We had a great time “being together” in the class, while the two of us were physically located in cities 400 miles apart from each other.
And the Italian instructor taught the class from his home kitchen in Milan!
Evening Activities For Seniors
When the sun goes down, a senior does not necessarily have to go to bed.
They can engage in these activities whether they live on their own, with you, in a nursing home, or in an assisted living community.
Play Card Games Or Board Games
Card games are a great activity for seniors, especially those who aren’t suffering from dementia.
Holding and laying down cards isn’t physically strenuous, and with so many fun card games, many nights can be filled playing go fish and poker.
Board games are another idea in this same vein.
Try to stick to better-known board games. Games with simpler rules are often better for seniors.
Have A Group Movie Night
Gather your senior and their fellow buddies or even bring the whole family together for weekly movie nights.
Someone picks the film, you can pop the popcorn and provide the other snacks, and everyone can enjoy some meaningful time together.
Host A Trivia Night
Seniors without memory issues often know more than many people give them credit for.

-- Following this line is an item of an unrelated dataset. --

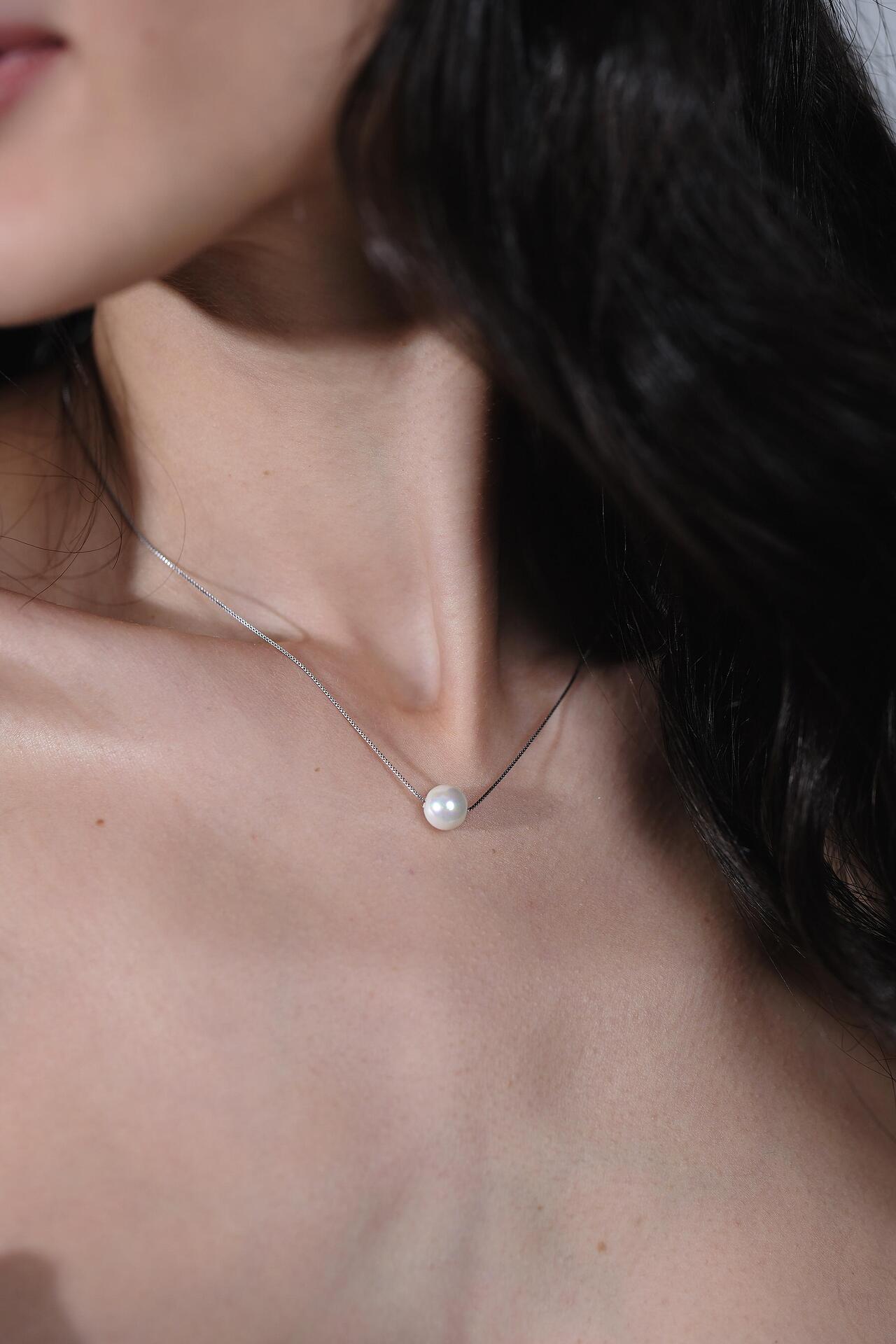 Silver necklace with pearl: Light Pearl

Test your senior’s knowledge with a trivia night.
Each week, the trivia can be centered around a different theme so there’s always something to look forward to.
Activities For Isolated Seniors With Limited Mobility
Those seniors who are isolated and with limited mobility are prone to loneliness and boredom, which means they’re at a higher risk of depression and possible health issues.

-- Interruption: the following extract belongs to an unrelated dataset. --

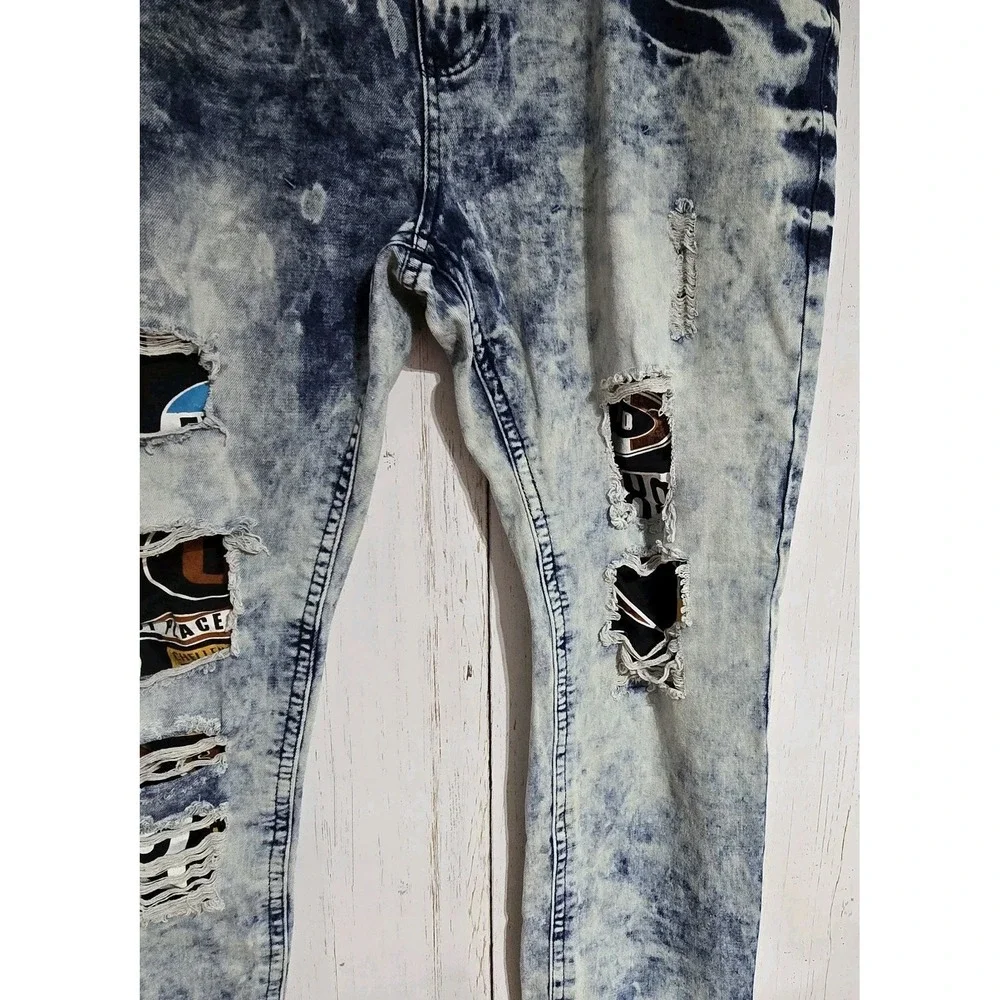 Switch Remarkable 44x32 Destroyed Patched Painted Stretch‎ Jeans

The following activities are recommended for this subset of older adults
Reading can take a senior away from their circumstances and transport them to other worlds. It’s a great form of escapism to pick up a book.
Seniors who have vision or concentration issues can always listen to audiobooks.
If you want to make reading a more social activity, you can always try to get a book club together at your senior’s home (or your home if your senior parent or loved one lives with you).
Even monthly book club meetings will give your senior something to look forward to. Plus, they certainly won’t be bored!
Perhaps a senior picks up the phone and has a nice chat or uses FaceTime or Zoom to make a video call.
We love the Echo Show devices for this, because they do much more than simple video calls. Read more about things seniors can do with the Echo Show here.
Keep in mind that some newer technology can be harder for your senior parent or loved one to figure out, especially without you being there to help.
Do Arts And Crafts
From making jewelry to collages, magnets, book covers, painted vases, decorative wreaths for the front door, or holiday ornaments, there is no shortage of ideas for arts and crafts.
Perhaps every week, when you visit with your senior, you pick out a project for them to work on (with their involvement and final approval, of course).
Boredom is more than a feeling of discontentment. It can breed depression in seniors. Those who are bored may even have shorter lives compared to those who can fill their time with activities.
We hope the myriad of activities that we discussed today give you some great ideas for things to do with your senior parent or loved one. Good luck!